While it is remarkable that nearly half of the world’s population will vote in elections this year (Bangladesh today 7th January, Taiwan next week, and then in order of importance the US, UK (September now likely), India, South Africa, the EU parliament, Mexico, Indonesia and Russia (but we already know the result there)), there are two new elements that are not discussed enough.

One is the fact electoral outcomes in different countries are correlated – for example, what happens in Taiwan next week can impact the US presidential campaign and might even alter the ways in which elections in India and Indonesia are held.

In addition, there are now common global issues (inflation, climate damage) as well as two polarising wars that are colouring political debates in individual countries. The other factor that is common across many of the aforementioned countries is the tug of war between the sanctity of democracy and the belief in ‘strongmanism’. India, South Africa and Russia are in the latter camp. Yet, Indonesia is exceptional here in that Joko Widodo will leave the political stage (he was first elected in October 2014) with exceptionally high approval ratings and broad respect (though his son is involved in the race to succeed him).

There other factor worth emphasising is the industrial-level interference in elections across the world. In this context, Richard Daley’s ‘vote-stuffing’ in favour of John Kennedy’s 1960 presidential campaign or even the Tammany Hall tactic of plying voters with alcohol and then leading them to the voting booth, appear quaint. It will be a busy year ahead for the team at ‘Fancy Bear’ the Russian hacking group alleged to have interfered in elections in the Netherlands, Germany, the UK, US and France amongst other countries. 

There are signs that democracies are responding to this interference. For example, yet more evidence has been uncovered of Russia’s support for Marine Le Pen. In addition, the EU has deployed its Digital Services Act for the first time to launch multiple investigations into X (Twitter) specifically that X has been spreading misinformation and diffusing hate content. Indeed, under Musk’s stewardship X has tried hard not to live up to the requirements of the Act – in May it disengaged from the EU Code of Practice on Disinformation and has scaled back resources for monitoring of content. 

In the year ahead, I suspect that EU policymakers and national governments will take a tougher line on social media and will be more demanding on the social media giants’ willingness to police content.

However, there is a need for democratic governments to be even more muscular.
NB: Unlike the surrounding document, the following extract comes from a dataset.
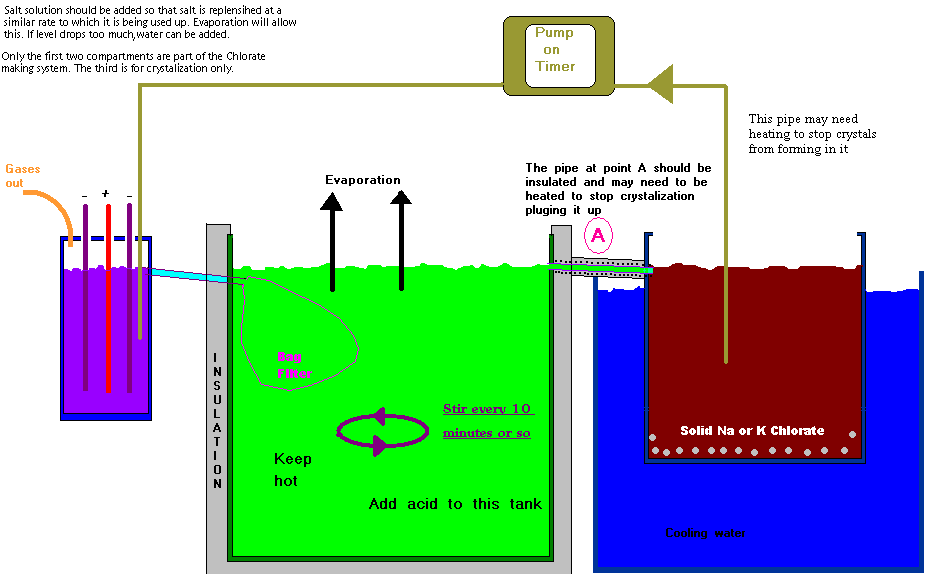 [pH controlled cell and crystallizer]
In Europe two thorns in the democratic side are Hungary and Serbia. An EU leaders’ summit at the start of February, whose goal is to sign off aid to Ukraine, may be the final straw in terms of their patience with Hungary, a country that enables attacks on European democracy and the rule of law. There is now talk of suspending Hungary’s voting rights.

Another bad ‘democratic’ actor is Serbia, a potential EU member state. Serbia recently held general and local elections, the latter were marred by apparently very obvious vote rigging. This has triggered large protests in Belgrade against Alek Vucic’s government. Recently there occurred a brutal, sinister assault on the leader of the opposition leader Nikola Sandulovic. In my view, in the light of the ambivalence of Serbia’s relationship with Russia, the EU should suspend its passage towards EU membership.

In short, until the leaders of the democratic world adopt a more aggressive approach to those who attack democracy, they will continue to be mugged by autocrats. There is plenty they can do if they use cyber, social media and economic warfare to push back on attacks on democracy. One initiative that helped to bring down the Iron Curtain was the mass purchase and distribution of photocopiers into Eastern Europe by George Soros. This provided the mechanism by which ideas and information could travel around countries like Poland, Hungary and Romania. It is time for the West to think like this again.